CUDA does runtime compilation by driver, then what is cubin ?

I heard that CUDA does runtime compilation by driver, then what is cubin ?
If the driver simply downloads the cubin binary at runtime, then isn’t it just dynamically loading binary ?

The CUDA driver can either load a binary image compiled offline for a particular GPU architecture version, or it can compile a text-based portable assembly language called PTX at runtime. PTX is mostly useful for forward compatibility (for GPUs with new architectures that did not exist at the time the code was compiled) and for on-the-fly code generation. Fat binaries that include multiple, offline compiled, binary images for various architecture versions plus PTX for forward compatibility are supported and encouraged. See the CUDA documentation for details.

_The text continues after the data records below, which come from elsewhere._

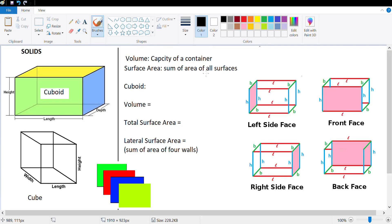Hi guys, let's start a new chapter. The new chapter is called Solids. In the previous chapter we talked about two-dimensional shapes and area and perimeter of plane figures. Now we're talking about three-dimensional shapes — solids — and we will talk about their surface area and their volume.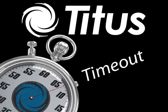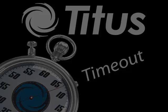Hello and welcome to the Titus Time Out podcast. Today's topic is VAV boxes and how do they work?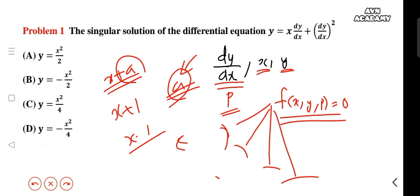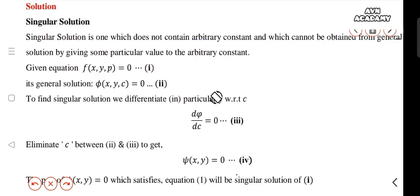The singular solution exists but cannot be obtained from the general solution by assigning values to the arbitrary constant. We have the concept of a singular solution and the concept of an envelope — that is the P-discriminant or C-discriminant. We will learn about these things. We focus on the first order differential equation where the singular solution is a general method.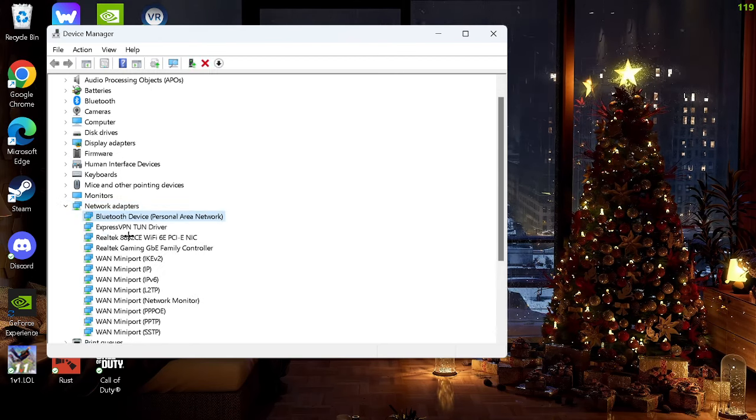Also go to gaming, game bar, and turn this off. Go to system, go down to display, then go to graphics. Now search your game, whatever game you use. Click on it, options, and then you could use any of these. Most likely put it on high performance, but it's really whatever you want.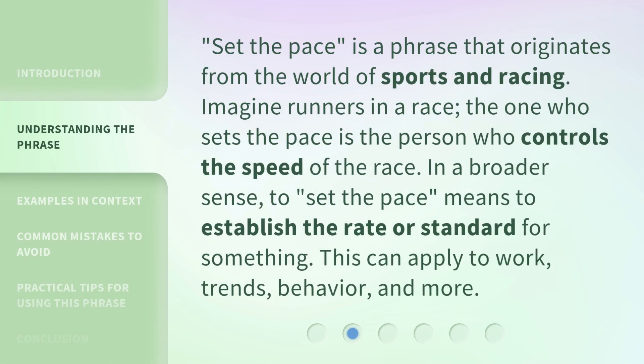'Set the pace' is a phrase that originates from the world of sports and racing. Imagine runners in a race — the one who sets the pace is the person who controls the speed of the race. In a broader sense, to set the pace means to establish the rate or standard for something. This can apply to work, trends, behavior, and more.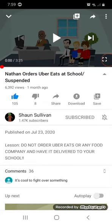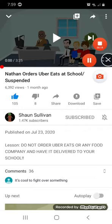Listen, do not order your Uber Eats at any food company and have delivered to your school. Alright, without further ado, let's begin with the video.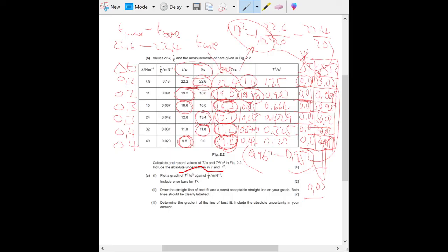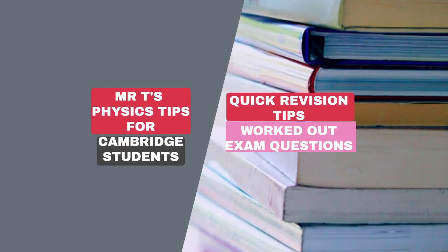When plotting on the graph, follow what I explained in my paper 5 video for question two. Plot the points and add error bars: error bar up and error bar down. For the first point, 0.02 up and 0.02 down. Next, 0.019 up and 0.019 down. Make sure all error bars are incorporated when you draw the line of best fit. The rest is exactly as in my previous video. Please subscribe to the channel so I can produce more videos helping students with paper 5 and throughout the 9702 physics syllabus.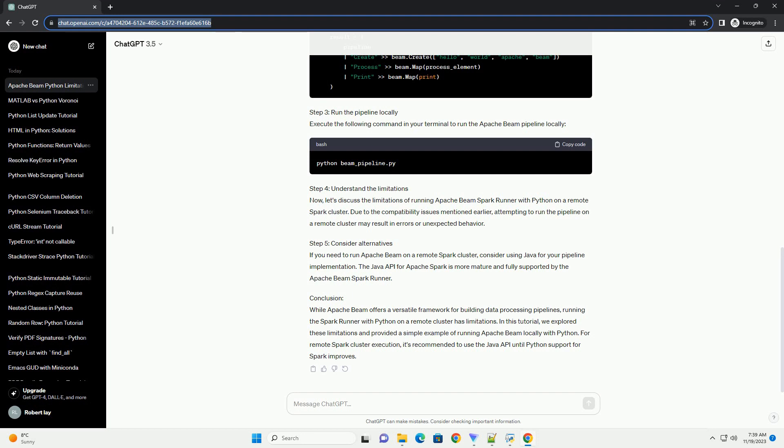Conclusion: While Apache Beam offers a versatile framework for building data processing pipelines, running the Spark Runner with Python on a remote cluster has limitations. In this tutorial, we explored these limitations and provided a simple example of running Apache Beam locally with Python. For remote Spark cluster execution, it's recommended to use the Java API until Python support for Spark improves. ChatGPT.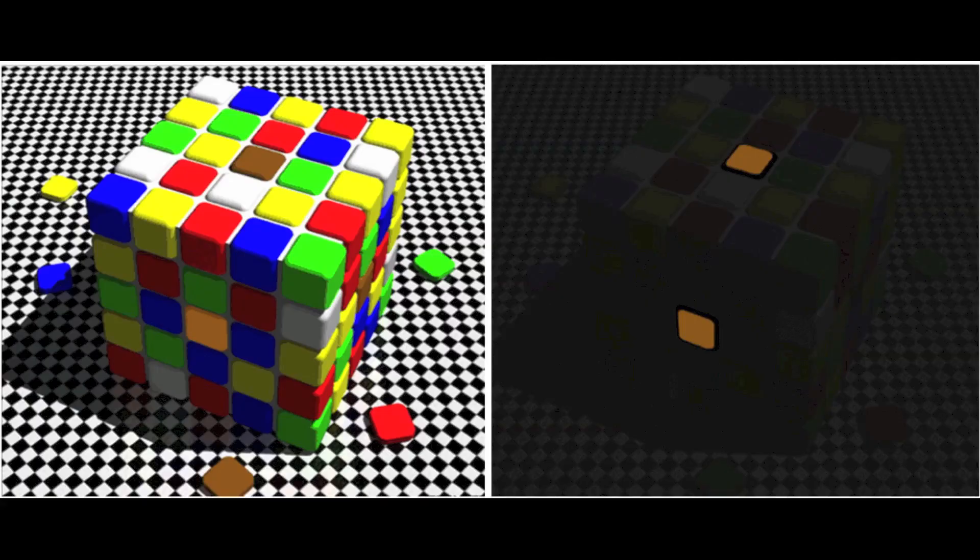Depending on the context, our brain thinks shadows make objects seem darker, and hence throws back a lighter color to our perception. Whereas in fact, both tiles are of the exact same color. To account for the brain's compensation, it would perceive the objects to be of the exact same color when the shadow is taken away.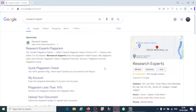Hi everyone, welcome to my YouTube channel. In this video I am going to explain about one of the useful plagiarism checking tools, that is Research Expert. Many research students require a plagiarism checking tool to verify or check the plagiarism of their research article. At that time they require standard plagiarism checking tools like Turnitin, Authenticate, or iThenticate, because they are software which universities can afford.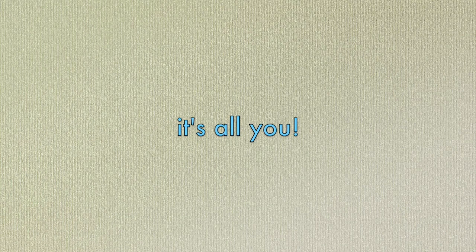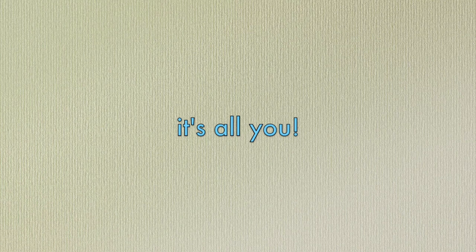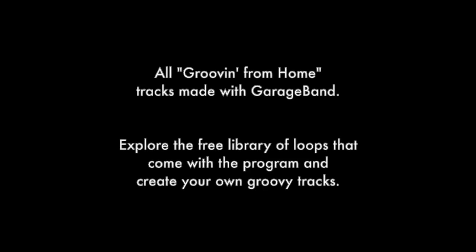One, two, only you. One, two, only you. One, two, only you.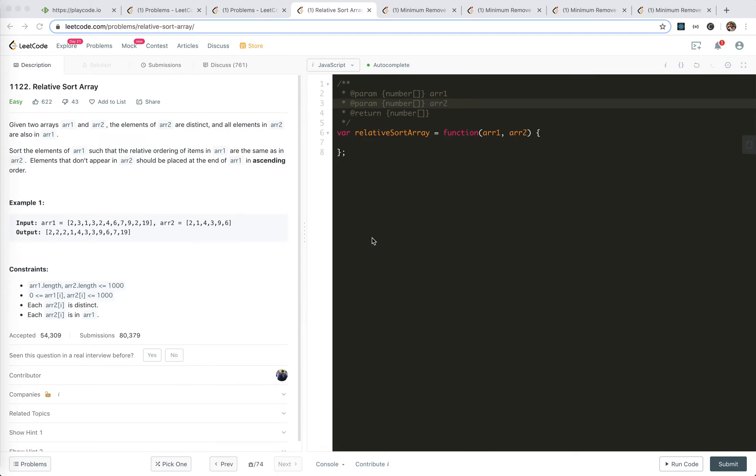Hey guys, this is Yusuke. How's everything going? In this video, I'm going to take a look at LeetCode 1122, Relative Sort Array. It's an easy problem.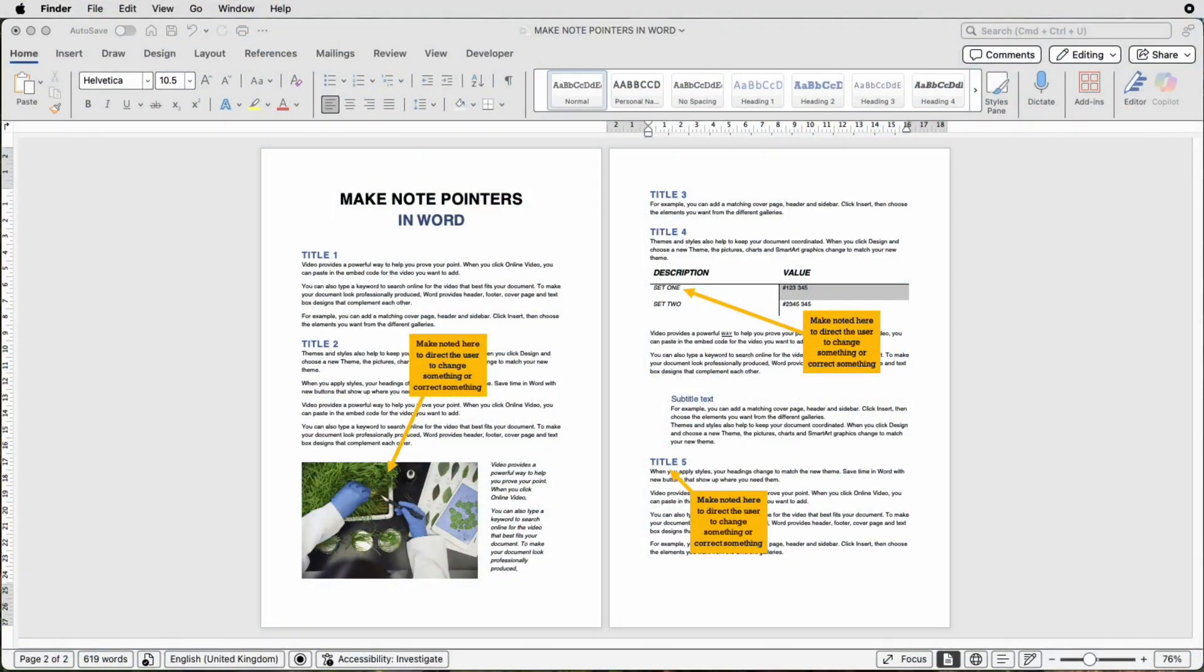Hi and welcome to the channel. Today I'm going to be doing something slightly different but I'm going to be showing you how to create these note pointers in Word.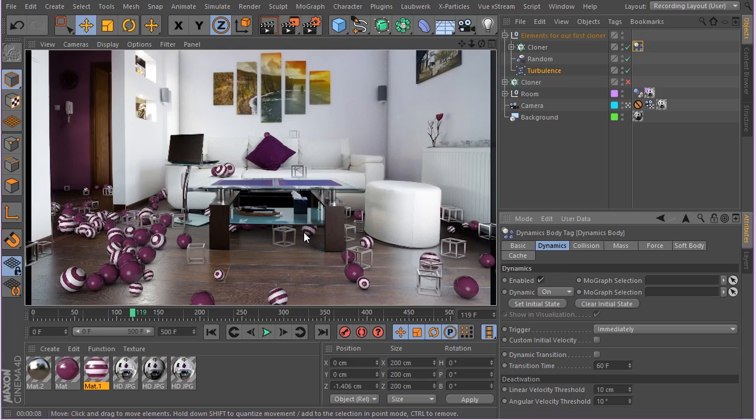So in this lesson we set up our first dynamic simulation and added some effectors and forces and worked on our dynamic tag. So yeah, see you in next lesson and we're going to talk more about our project.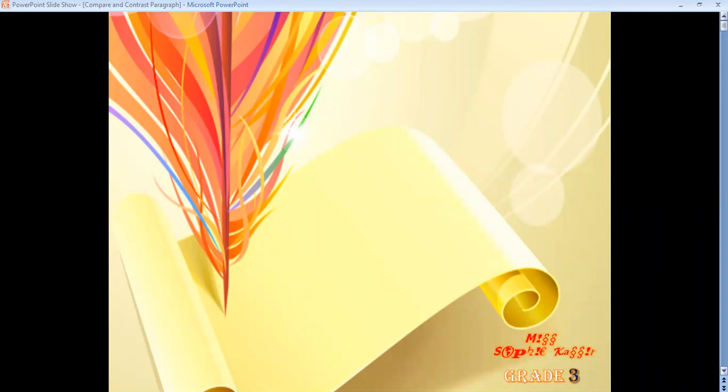Hey boys and girls! I'm your English teacher Sophie, and in this video I'll discuss a new type of expository writing — specifically the steps of writing a well-organized compare and contrast paragraph. All you have to do is open your eyes and ears and concentrate with me in order to write your own paragraphs successfully. Let's do this.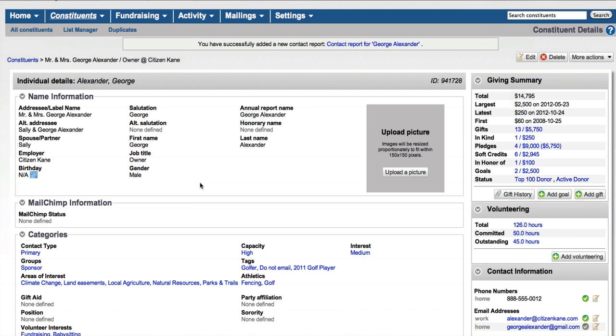All right, let's go ahead and jump into talking a little bit about gift entry. Probably the easiest way to do that is to actually just go ahead and enter a gift from the constituent record.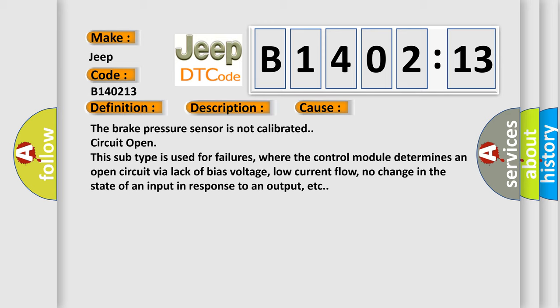The brake pressure sensor is not calibrated, circuit open. This subtype is used for failures where the control module determines an open circuit by a lack of bias voltage, low current flow, no change in the state of an input in response to an output, etc.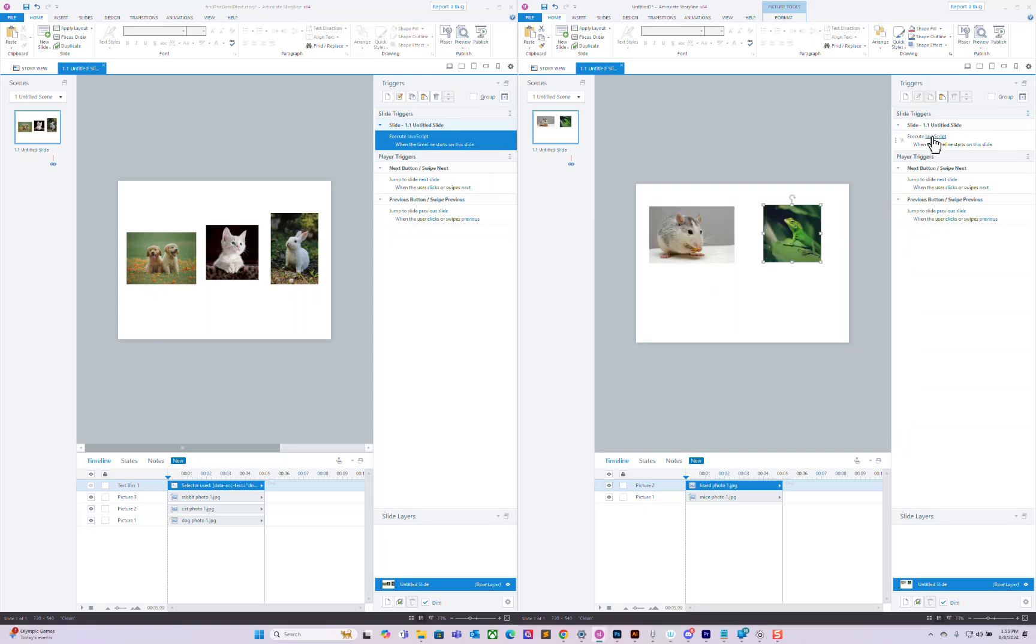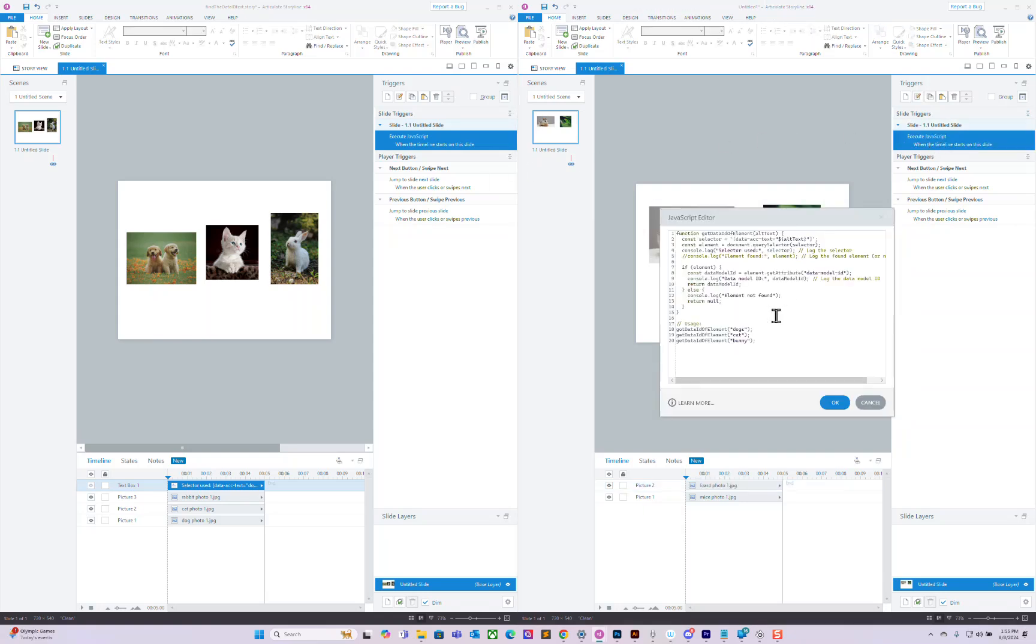We'll go into the JavaScript you copied over. We don't need that one, so we just type in 'mouse', 'lizard', and press OK.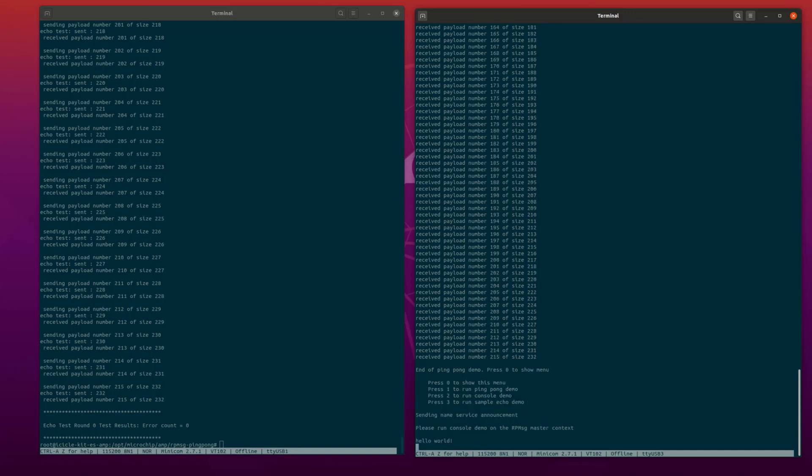The Linux context will use the RP message TTY driver to create a new device in Linux, which can be used to send and receive messages to and from the FreeRTOS context. By default, the Linux software context sends a hello world message to the FreeRTOS context.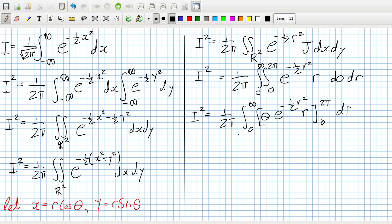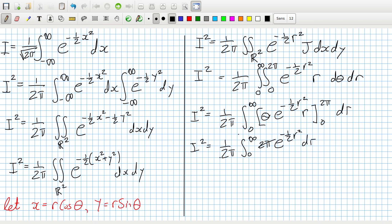When we put the limits in, the 0 gives zero, so it's just the 2π that matters. We then have 1 over 2π times 2π, and the two π's cancel nicely. So now we just have I² equals the integral from 0 to infinity of r · e^(-½r²) dr.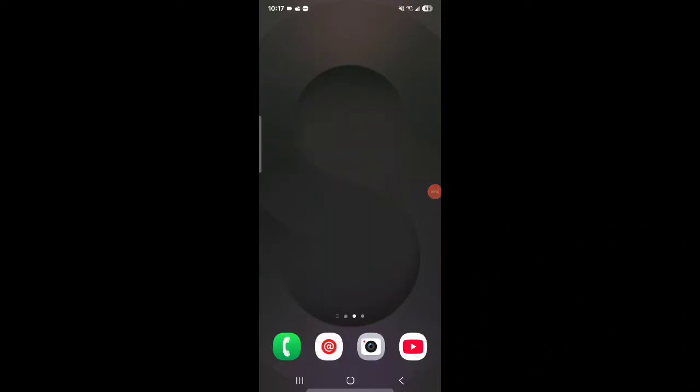Hey what's up, so today in this video I'm going to show you guys how you can delete your call history on Android. For this example I'm using Samsung S25 Ultra, so let's get right into it.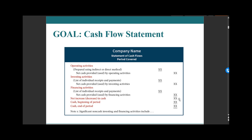We add up all of these — cash from operations, investing, and financing, all of which can be positive or negative — and then we see what's the net. We take our opening cash from the balance sheet, and then it should equal our ending cash. When opening cash plus net changes equals ending cash for the period, it balances.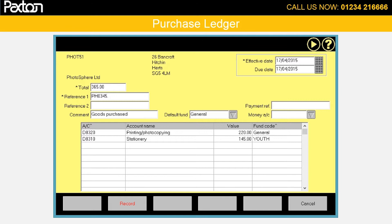Note that the invoice analysis lines can be split across multiple funds. Also, if paid, we can enter the payment details at the same time. When we press the record button, the transaction is totally booked to the nominal and purchase accounts, including the payment if appropriate.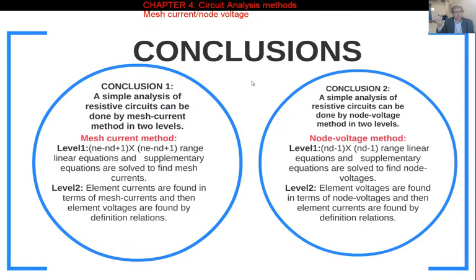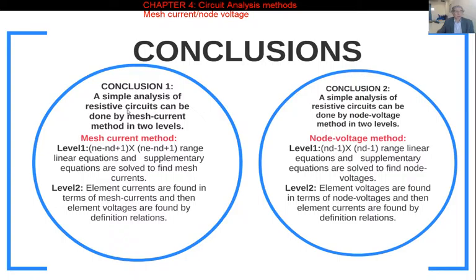Conclusion one says: a simple analysis of a resistive circuit can be done by the mesh current method in two levels. It is simple because we use a fewer number of equations. Resistive circuits are those which have independent sources plus resistors. If a circuit has these elements, it is called a resistive circuit.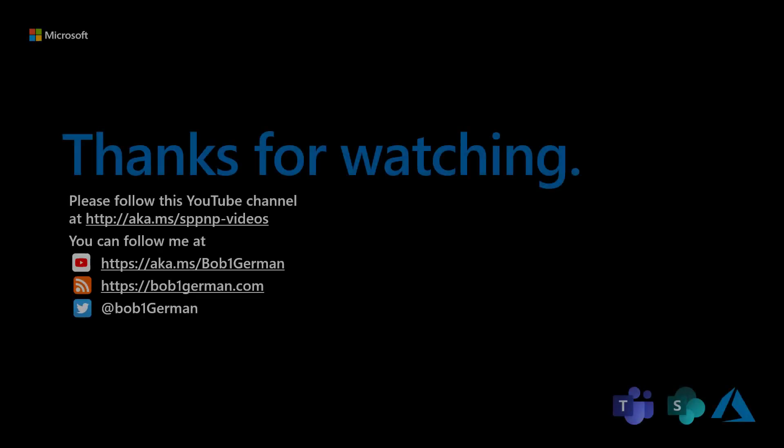Thanks for watching this Microsoft 365 Patterns and Practices video. If you like this video, please subscribe to the Patterns and Practices YouTube channel at aka.ms slash SPPNP dash videos. I'm Bob German. You can follow me on Twitter at Bob1German and please check out my blog at Bob1German.com. That's all for this time and thanks for watching.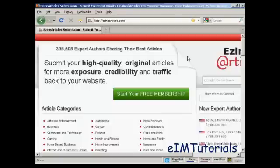In this video, I'm going to show you how to submit an article to an article directory.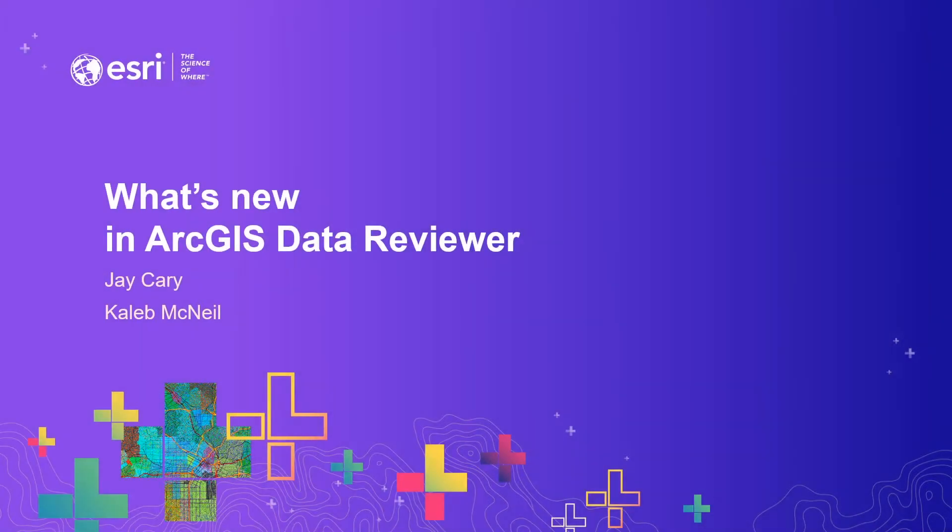My name is Jay Carey and with me today is Caleb McNeil. We're both members of the ArcGIS Data Reviewer team here in Redlands, California.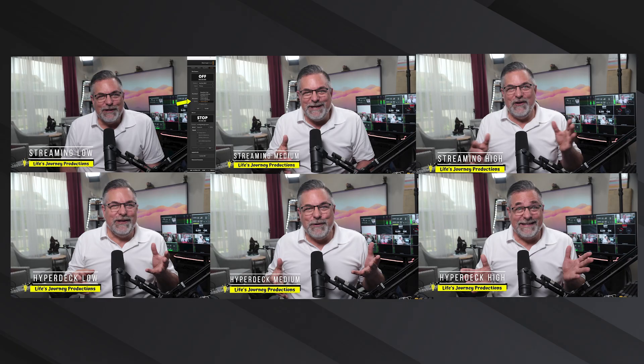That wraps the demos — here is the still image with all six stills from the different recording settings side by side. Now let's look at each of those slides back to back, starting from the lowest quality all the way up to the highest: streaming low all the way up to HyperDeck high.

Thanks. So indeed, that fat binary is indeed very fat.

I didn’t know that it also included PTX info.

So only time that cubin image gets dynamically compiled is when the GPU is newer version ? (since the binary will be very old, so it looks at the PTX?)

Also, assuming the machine version and binary match, then by looking at the cubin binary, we can know the actual machine instructions ?

Thanks

No - the driver looks at the available binaries and if none matches, uses the PTX code. The date of compilation is not involved in the decision.

Yes. Just run [font=“Courier New”]cuobjdump -sass[/font] on it.

How fat the fat binaries get depends on what the programmer specifies when they compile the code. One can specify as many different versions of binary machine code and PTX as desired. Since PTX is a text-based and not a binary format it tends to add significant volume to a fat binary, so to keep the size under control it usually is advisable to include only a single PTX version (the most recent version, for forward compatibility). So for a double precision application one might want to include SASS for compute capabilities 1.3, 2.0, and 3.0, plus PTX for compute capability 3.0.

When loading a fat binary, the CUDA driver first looks for a pre-compiled binary that fits the architecture of the given GPU registered with the current context. If I cannot find that, it looks for PTX code it can JIT compile for that architecture. If that fails, it returns an error. My memory is hazy, but I believe there is an option to always force JITing from the PTX. Again, for questions like these the documentation is your friend.